Lynda Carter, the original Wonder Woman, gave her side of the Wonder Woman story in a revealing interview with Tim Teeman for The Daily Beast. Wonder Woman is a confusing feminist icon; she's a warrior, which is admirable, but she's also a sex symbol, which confuses her identity. How do we reconcile Wonder Woman's power with the fact that she's a icon of female objectification?
Carter doesn't think it's that complicated: Wonder Woman wears what she wears. Why should it matter?

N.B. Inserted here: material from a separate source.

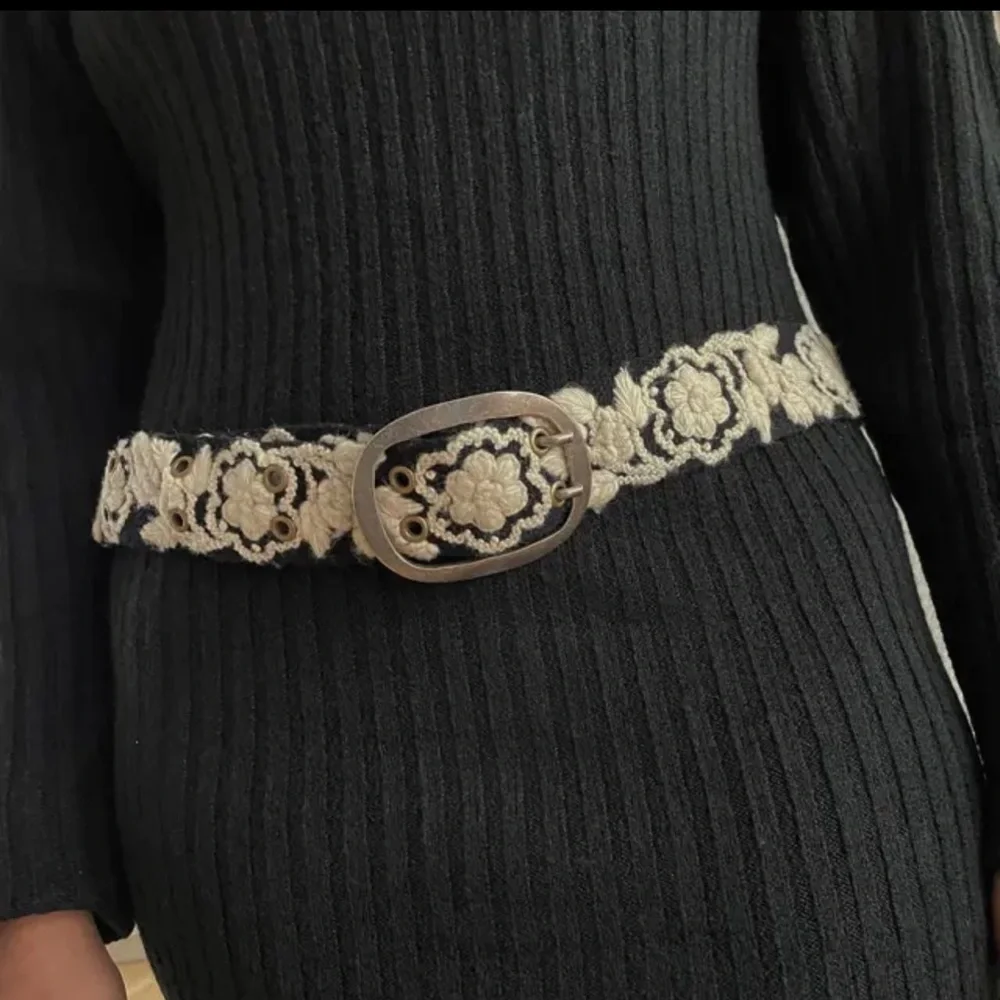 Jenny Krauss Free People - Black/ Cream Two-Tone Handmade Embroidered Wool Belt - Picture 2 of 3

"Oh, so objectifying, like Superman with a sock in his pocket. They don’t worry about objectifying men. Because she looks like a woman, is that objectifying? Oh my God," Carter replied when Teeman asked about the nature of Wonder Woman's outfit. "‘She looks like a woman,’ holy cat... I would not say it was objectifying."
She added that, most importantly, Wonder Woman didn't act like an object. "I did not play her as sexy. It was never a come-hither look. Gal Gadot never played come hither. I never played predatory. She is what she is," Carter said of the Marvel superhero.
That said, Carter as Wonder Woman put up with a lot: Carter shared that, during her time on the show, one member of the crew drilled a hole in her dressing room so he could spy on her naked. Carter also shared with The Daily Beast that she had her own #MeToo story, and that her abuser was already facing repercussions.
"He’s already being done in. There’s no advantage in piling on again," she said. At the time, she didn't share her story with colleagues or someone on set because, in her words, "No one's going to believe you."
Carter has always been a vocal advocate for Wonder Woman. When Jenkins' movie first came out, Carter responded to criticism from director James Woods, who called the superhero "an objectified icon."
"STOP dissing [Wonder Woman]: You poor soul. Perhaps you do not understand the character. I most certainly do. Like all women--we are more than the sum of our parts. Your thuggish jabs at a brilliant director, Patty Jenkins, are ill advised," Carter wrote.
The lesson: Lynda Carter is not to be messed with.